In [1]:
# Load the data
import pandas as pd
import networkx as nx
import matplotlib.pyplot as plt
import numpy as np
import numpy.random as npr
from scipy.stats import norm, ks_2samp  # no scipy - comment out
from custom import load_data as cf
from custom import ecdf

%matplotlib inline
%load_ext autoreload
%autoreload 2
%config InlineBackend.figure_format = 'retina'

Introduction

In this notebook, we will walk through a hacker's approach to statistical thinking, as applied to network analysis.

Statistics in a Nutshell

All of statistics can be broken down into two activities:

  • Descriptively summarizing data. (a.k.a. "descriptive statistics")
  • Figuring out whether something happened by random chance. (a.k.a. "inferential statistics")

Descriptive Statistics

  • Centrality measures: mean, median, mode
  • Variance measures: inter-quartile range (IQR), variance and standard deviation

Inferential Statistics

  • Models of Randomness (see below)
  • Hypothesis Testing
  • Fitting Statistical Models

Load Data

Let's load a protein-protein interaction network dataset.

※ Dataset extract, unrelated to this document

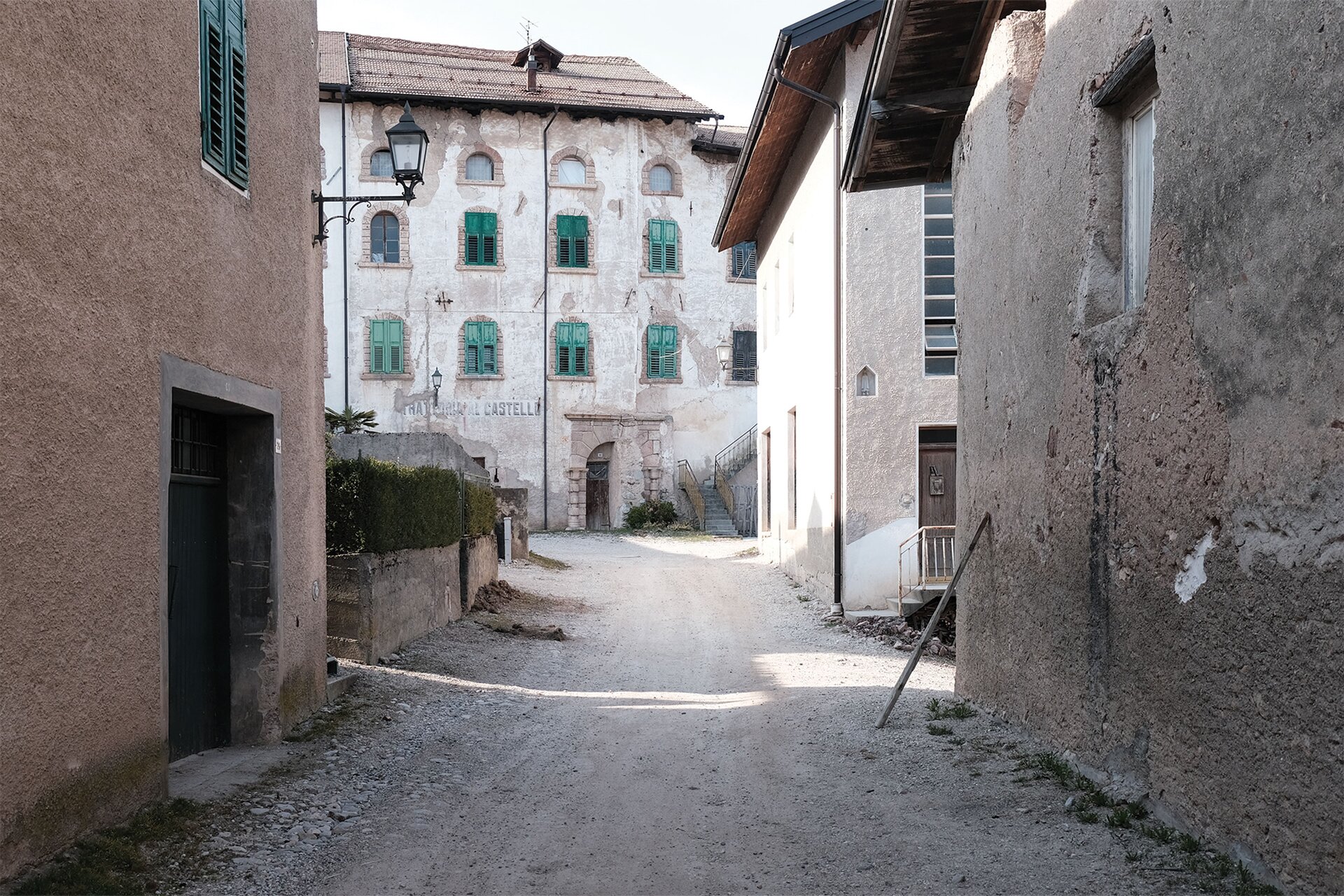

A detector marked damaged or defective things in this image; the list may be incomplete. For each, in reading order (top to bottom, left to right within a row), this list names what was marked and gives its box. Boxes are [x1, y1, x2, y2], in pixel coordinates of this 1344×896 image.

peeling plaster facade [1, 1, 328, 881]
peeling plaster facade [317, 99, 757, 531]
peeling plaster facade [757, 36, 957, 610]
peeling plaster facade [957, 5, 1344, 892]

This undirected network contains protein interactions contained in yeast. Research showed that proteins with a high degree were more important for the surivial of the yeast than others. A node represents a protein and an edge represents a metabolic interaction between two proteins. The network contains loops.

In [2]:
# Read in the data.
# Note from above that we have to skip the first two rows, and that there's no header column,and that the edges are
# delimited by spaces in between the nodes. Hence the syntax below:
G = cf.load_propro_network()

Exercise

Compute some basic descriptive statistics about the graph, namely:

  • the number of nodes,
  • the number of edges,
  • the graph density,
  • the distribution of degree centralities in the graph,
In [3]:
# Number of nodes:
len(G.nodes())
Out[3]:
1870
In [4]:
# Number of edges:
len(G.edges())
Out[4]:
2277
In [5]:
# Graph density:
nx.density(G)
Out[5]:
0.0013029931073553016
In [6]:
# Degree centrality distribution:
list(nx.degree_centrality(G).values())[0:5]
Out[6]:
[0.002675227394328518,
 0.003210272873194221,
 0.010700909577314071,
 0.001070090957731407,
 0.002675227394328518]

How are protein-protein networks formed? Are they formed by an Erdos-Renyi process, or something else?

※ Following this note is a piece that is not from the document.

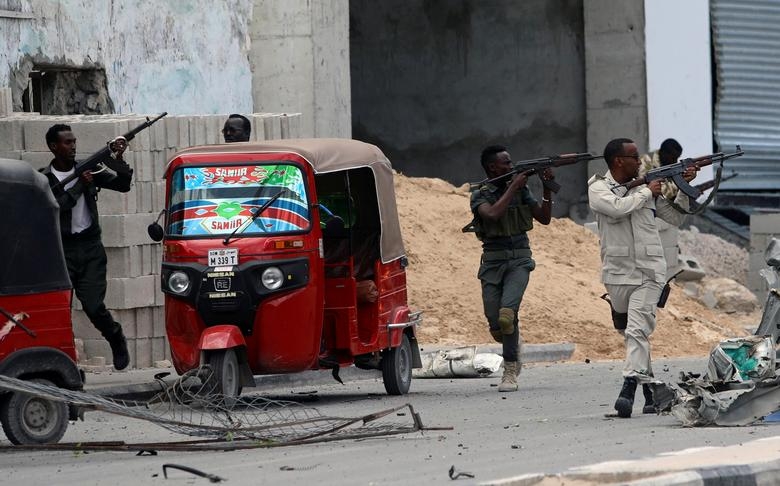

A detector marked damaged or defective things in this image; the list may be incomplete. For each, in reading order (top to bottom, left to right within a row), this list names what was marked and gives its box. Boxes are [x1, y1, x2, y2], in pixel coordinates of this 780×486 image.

torn metal [412, 346, 502, 380]
torn metal [652, 238, 780, 426]
damaged vehicle [652, 238, 780, 426]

In the G(n, p) model, a graph is constructed by connecting nodes randomly. Each edge is included in the graph with probability p independent from every other edge.

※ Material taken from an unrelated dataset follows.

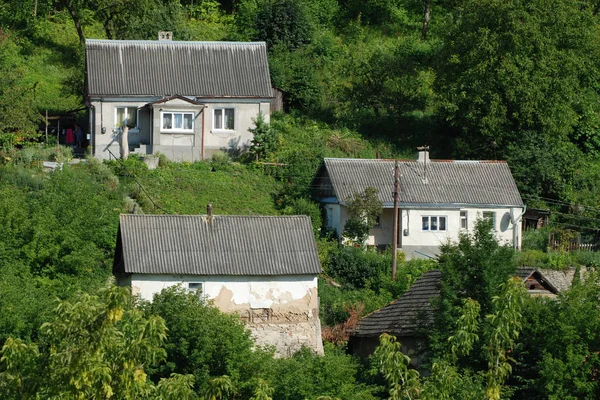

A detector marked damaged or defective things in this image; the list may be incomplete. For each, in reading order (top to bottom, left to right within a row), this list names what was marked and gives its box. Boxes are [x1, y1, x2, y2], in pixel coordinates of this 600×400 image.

house with peeling plaster [84, 38, 272, 161]
house with peeling plaster [314, 150, 524, 260]
house with peeling plaster [115, 214, 326, 354]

If protein-protein networks are formed by an E-R process, then we would expect that properties of the protein-protein graph would look statistically similar to those of an actual E-R graph.

Exercise

Make an ECDF of the degree centralities for the protein-protein interaction graph, and the E-R graph.

  • The construction of an E-R graph requires a value for n and p.
  • A reasonable number for n is the number of nodes in our protein-protein graph.
  • A reasonable value for p might be the density of the protein-protein graph.
In [7]:
ppG_deg_centralities = list(nx.degree_centrality(G).values())
plt.plot(*ecdf(ppG_deg_centralities))

erG = nx.erdos_renyi_graph(n=len(G.nodes()), p=nx.density(G))
erG_deg_centralities = list(nx.degree_centrality(erG).values())
plt.plot(*ecdf(erG_deg_centralities))

plt.show()

From visualizing these two distributions, it is clear that they look very different. How do we quantify this difference, and statistically test whether the protein-protein graph could have arisen under an Erdos-Renyi model?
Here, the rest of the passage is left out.